The agency concludes that the device will provide four of the five types of performance listed in Sec. 543.6(a)(3): Promoting activation; preventing defeat or circumvention of the device by unauthorized persons; preventing operation of the vehicle by unauthorized entrants; and ensuring the reliability and durability of the device. The agency agrees that the device is substantially similar to the device the agency approved for the Jeep Grand Cherokee, which was also a SKIS which did provide a visual or audible indication. As cited by DaimlerChrysler, the average theft rate for the Jeep Grand Cherokee has decreased substantially since the installation of this device as standard equipment. While DaimlerChrysler used a different method of calculating the average theft
rates than NHTSA has used in the past, NHTSA agrees that both calculations show a substantial reduction in the theft rate since the installation of the device as standard equipment.

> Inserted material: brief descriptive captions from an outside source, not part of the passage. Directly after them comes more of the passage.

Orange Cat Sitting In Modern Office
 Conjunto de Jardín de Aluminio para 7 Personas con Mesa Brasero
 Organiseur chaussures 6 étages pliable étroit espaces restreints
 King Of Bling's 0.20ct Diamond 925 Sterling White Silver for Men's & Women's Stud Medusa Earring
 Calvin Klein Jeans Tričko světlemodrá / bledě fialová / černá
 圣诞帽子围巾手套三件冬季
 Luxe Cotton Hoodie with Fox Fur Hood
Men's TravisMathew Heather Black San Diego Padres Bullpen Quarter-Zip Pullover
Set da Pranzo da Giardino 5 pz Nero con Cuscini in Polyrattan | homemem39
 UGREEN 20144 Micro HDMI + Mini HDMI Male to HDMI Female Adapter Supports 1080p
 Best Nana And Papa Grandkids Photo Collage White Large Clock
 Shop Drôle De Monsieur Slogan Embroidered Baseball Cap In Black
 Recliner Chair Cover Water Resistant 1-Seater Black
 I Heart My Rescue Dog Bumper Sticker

For the foregoing reasons, the agency hereby grants in full DaimlerChrysler's petition for exemption for the Dodge Magnum vehicle line from the parts-marking requirements of 49 CFR Part 541, beginning with the 2008 model year vehicles. The agency notes that 49 CFR Part 541, Appendix A-1, identifies those lines that are exempted from the Theft Prevention Standard for a given model year. 49 CFR Part 543.7(f) contains publication requirements incident to the disposition of all Part 543 petitions. Advanced listing, including the release of future product nameplates, the beginning model year for which the petition is granted and a general description of the antitheft device is necessary in order to notify law enforcement agencies of new vehicle lines exempted from the parts-marking requirements of the Theft Prevention Standard.
If DaimlerChrysler decides not to use the exemption for this line, it must formally notify the agency, and, thereafter, the line must be fully marked as required by 49 CFR Parts 541.5 and 541.6 (marking of major component parts and replacement parts).
NHTSA notes that if DaimlerChrysler wishes in the future to modify the device on which this exemption is based, the company may have to submit a petition to modify the exemption. Part 543.7(d) states that a Part 543 exemption applies only to vehicles that belong to a line exempted under this part and equipped with the antitheft device on which the line's exemption is based. Further, 543.9(c)(2) provides for the submission of petitions ``to modify an exemption to permit the use of an antitheft device similar to but differing from the one specified in that exemption.''
The agency wishes to minimize the administrative burden that Part 543.9(c)(2) could place on exempted vehicle manufacturers and itself. The agency did not intend Part 543 to require the submission of a modification petition for every change to the components or design of an antitheft device. The significance of many such changes could be de minimis. Therefore, NHTSA suggests that if the manufacturer contemplates making any changes the effects of which might be characterized as de minimis, it should consult the agency before preparing and submitting a petition to modify.
Issued on: December 27, 2006. Stephen R. Kratzke, Associate Administration for Rulemaking.